YOUR OBJECTIVE =
Retype the lines of the listing below exactly, but only those from the one containing "新不了情蕭敬騰，新不了情 蕭敬騰 串詞" through the last line; pictures stay out.

GIVEN INFORMATION =

★ ★ ★

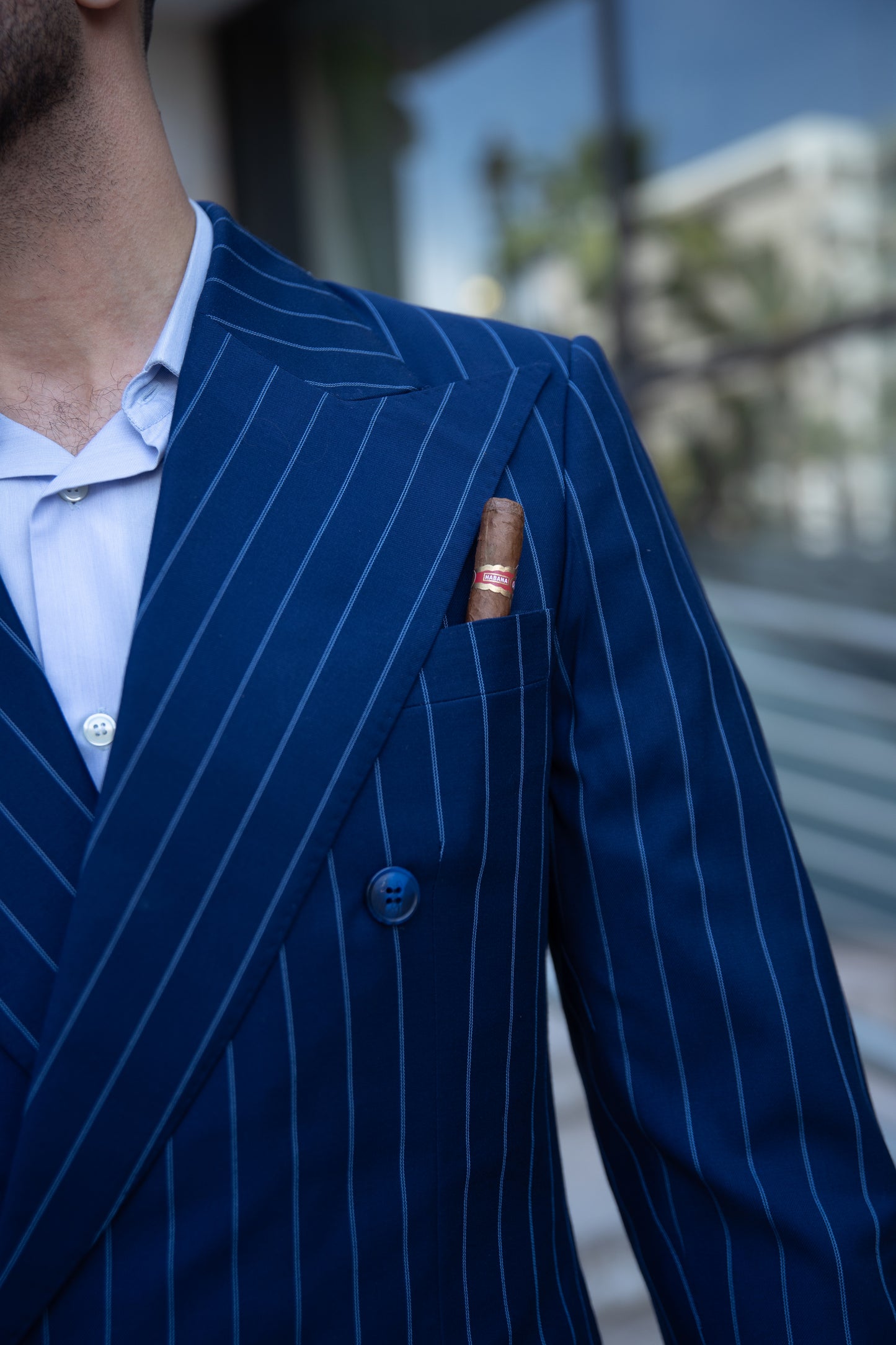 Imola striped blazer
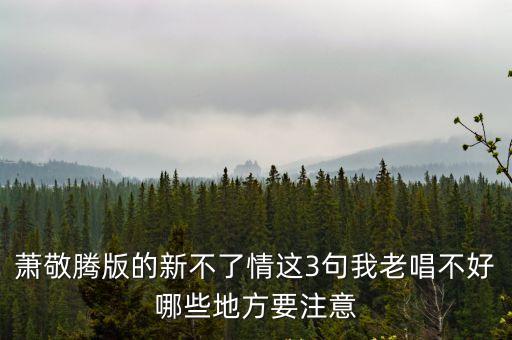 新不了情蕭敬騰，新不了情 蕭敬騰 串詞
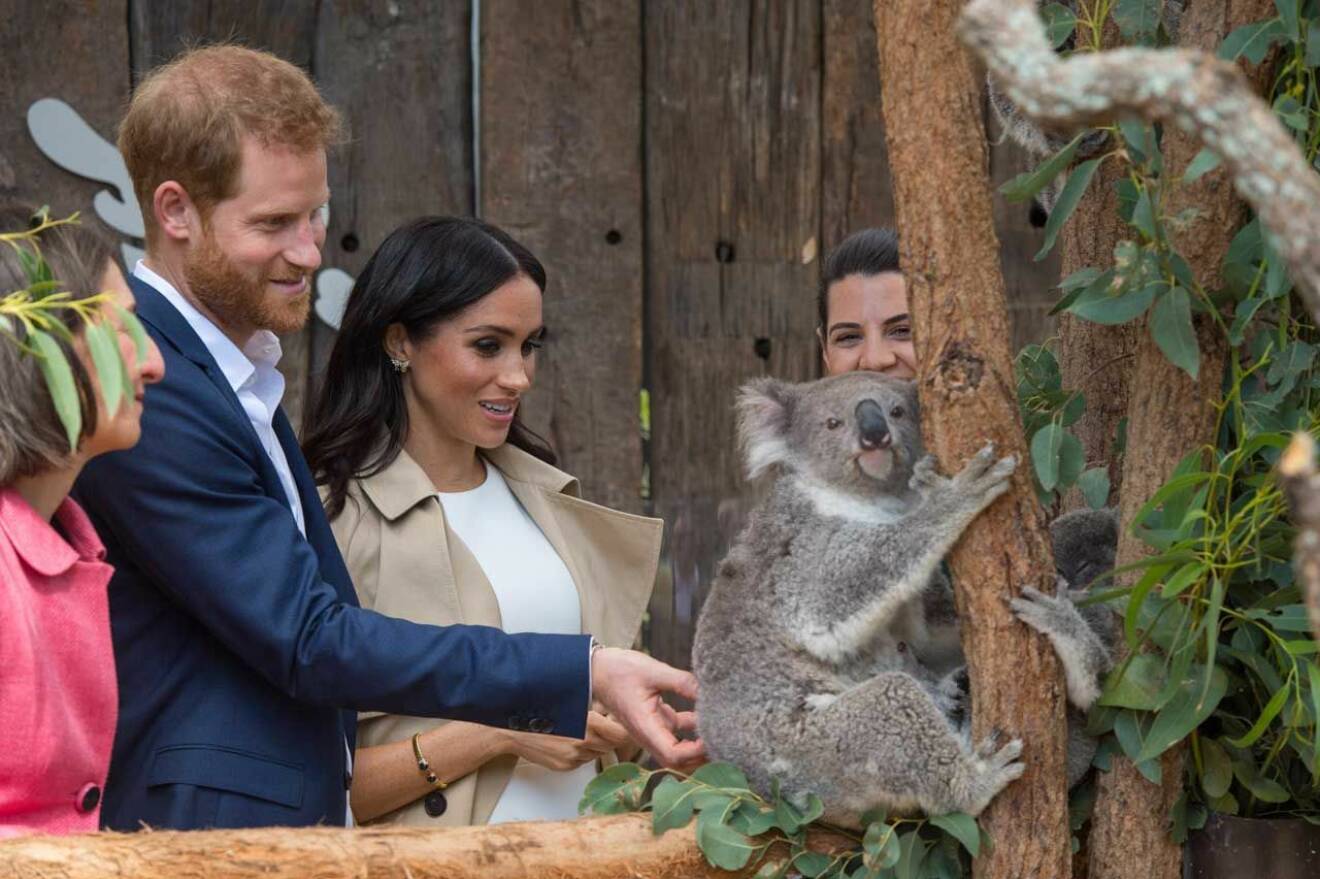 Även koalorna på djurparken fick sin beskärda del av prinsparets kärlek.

★ ★ ★

EXERCISE ANSWER =
 新不了情蕭敬騰，新不了情 蕭敬騰 串詞
 Även koalorna på djurparken fick sin beskärda del av prinsparets kärlek.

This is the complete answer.